*Problem*: Below are records with pictures in them. Output exactly the lines from the one with "NewkeepsR Stahl 3,0mm×8mm" through the one with "高端包包 迪奥 奥利的小马甲", both included, and leave every picture out; give only those lines.

*Extracted information*:
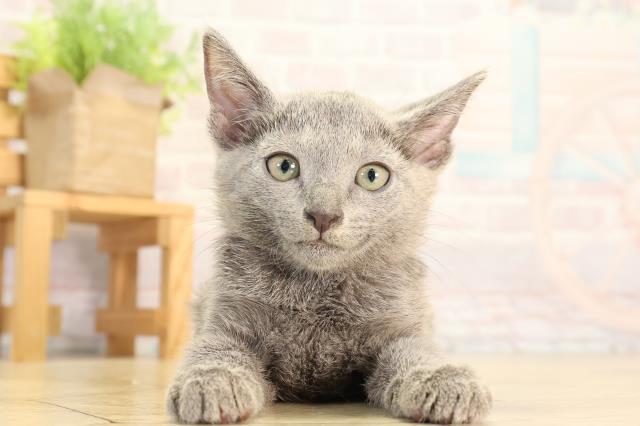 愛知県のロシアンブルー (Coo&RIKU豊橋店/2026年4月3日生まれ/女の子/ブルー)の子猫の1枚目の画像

---

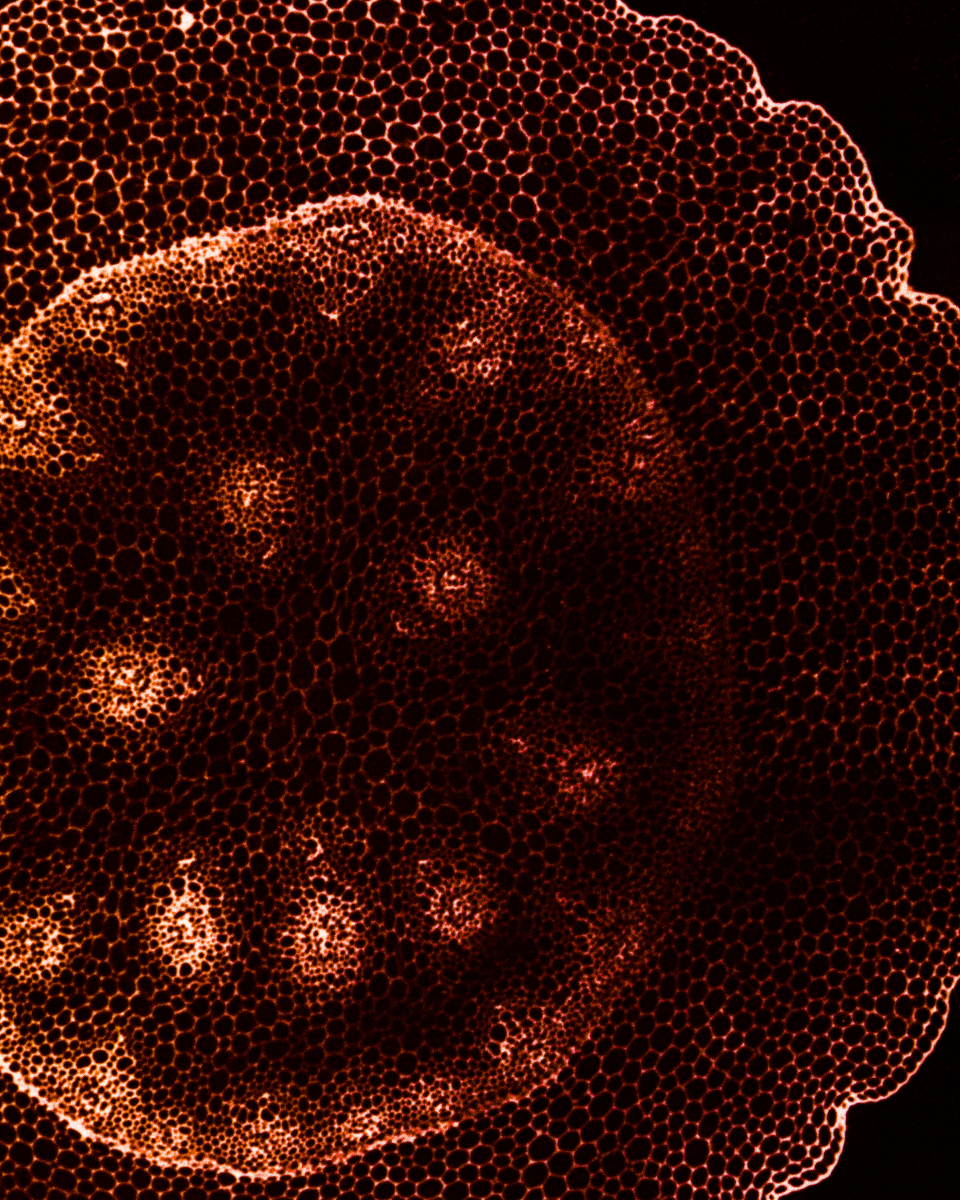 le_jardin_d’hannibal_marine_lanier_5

==

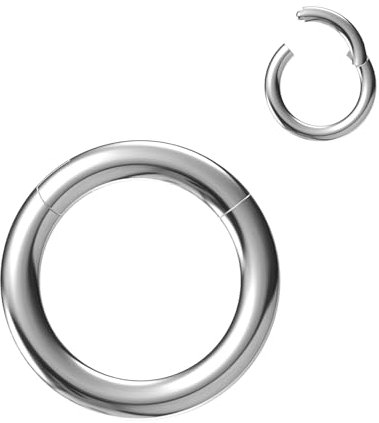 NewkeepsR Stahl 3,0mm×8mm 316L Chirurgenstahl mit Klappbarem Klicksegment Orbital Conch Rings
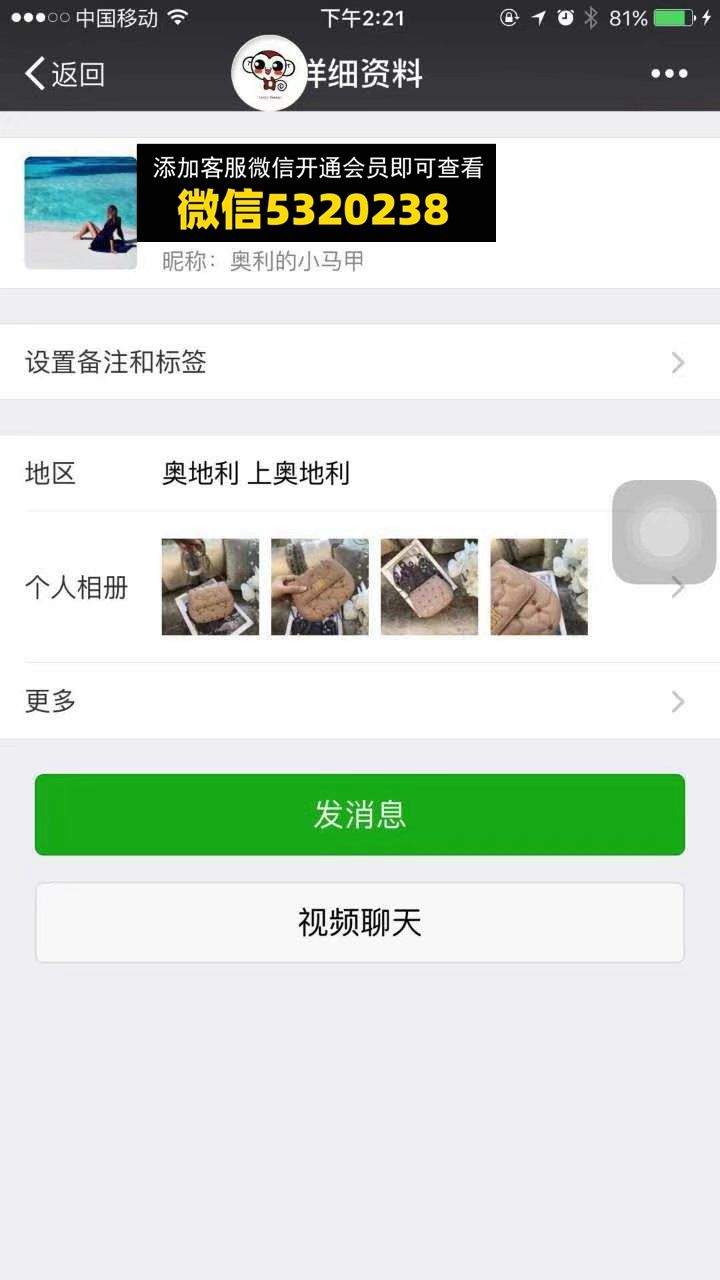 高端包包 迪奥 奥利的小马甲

*Result of the exercise*:
 NewkeepsR Stahl 3,0mm×8mm 316L Chirurgenstahl mit Klappbarem Klicksegment Orbital Conch Rings
 高端包包 迪奥 奥利的小马甲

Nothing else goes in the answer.